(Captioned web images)
_ _ _ _ _

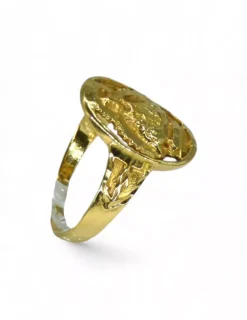 Sale Anillo virgen de la cabeza orla oro 18k - T 17 Anillos De Oro|Anillos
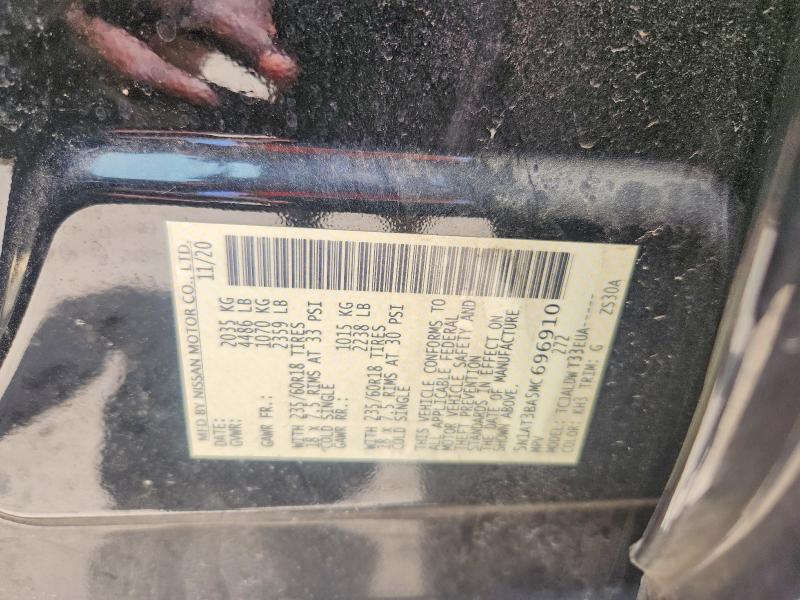 60471836 :رقم المزاد ، 5N1AT3BA5MC696910 vin ، 2021 Nissan Rogue مزاد بيع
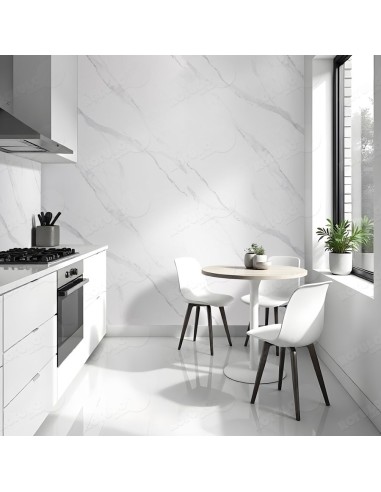 Paneles para revestimiento decorativo blanco niebla.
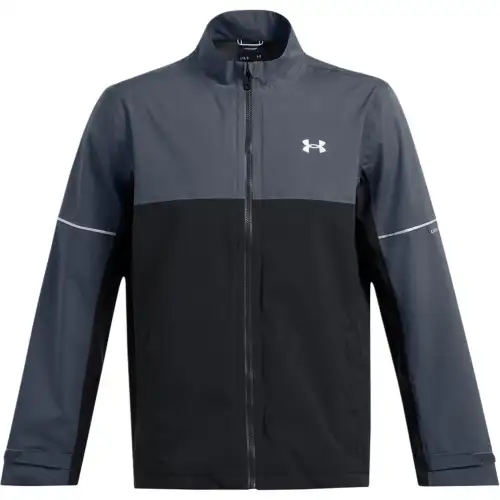 Under Armour Rain Drive Jackets & Coats Men's Heavy Rain Gray/Black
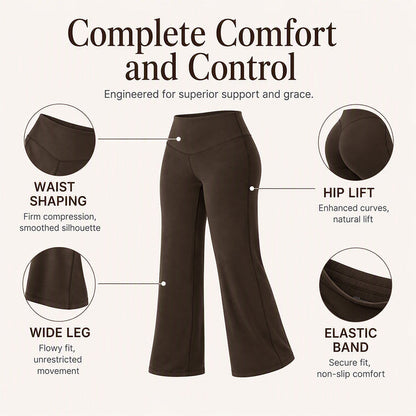 ☁️ All-Day Comfort | Women's High-Waisted Wide-Leg Yoga Pants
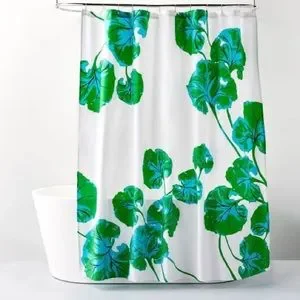 Diane von Furstenberg Geranium Leaf Shower Curtain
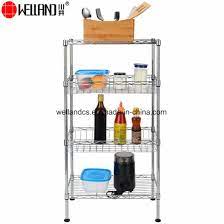 Shop items you love at overstock, with free shipping on everything* and easy returns. Welland 4 Tiers Small Adjustable Metal Kitchen Storage Rack Wire Basket Shelf China Wire Basket Rack And Kitchen Storage Rack Price Made In China Com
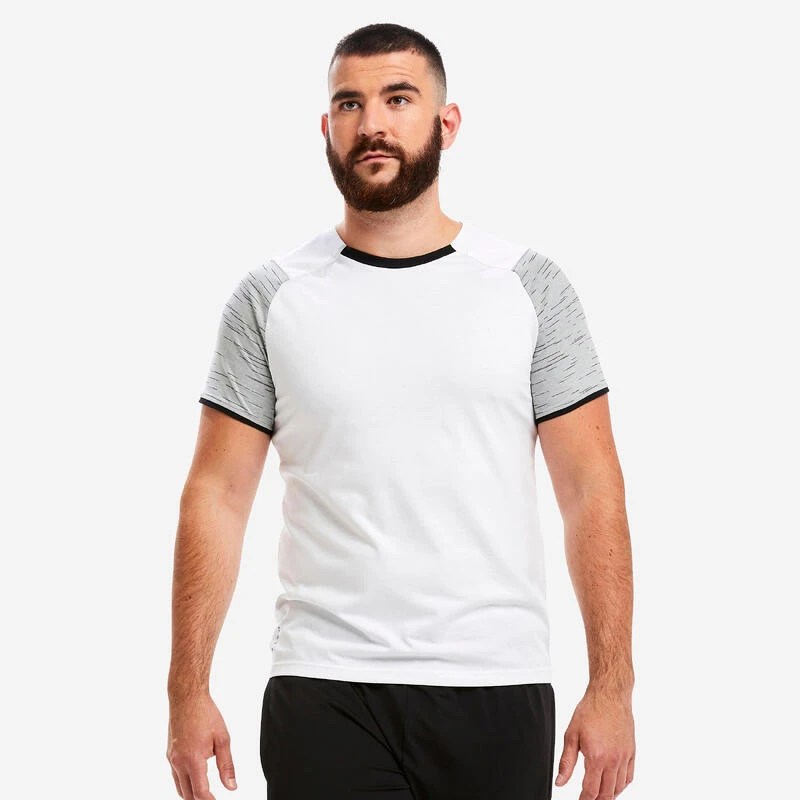 Kipsta T-shirt De Football T100 équipe Blanc 3 Kipsta T-shirt De Football T100 équipe Blanc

_ _ _ _ _

_Your task_
Write out again exactly the lines from the start of the data above through the line containing "Diane von Furstenberg", inclusive, excluding any pictures.

_Task answer_
 Sale Anillo virgen de la cabeza orla oro 18k - T 17 Anillos De Oro|Anillos
 60471836 :رقم المزاد ، 5N1AT3BA5MC696910 vin ، 2021 Nissan Rogue مزاد بيع
 Paneles para revestimiento decorativo blanco niebla.
 Under Armour Rain Drive Jackets & Coats Men's Heavy Rain Gray/Black
 ☁️ All-Day Comfort | Women's High-Waisted Wide-Leg Yoga Pants
 Diane von Furstenberg Geranium Leaf Shower Curtain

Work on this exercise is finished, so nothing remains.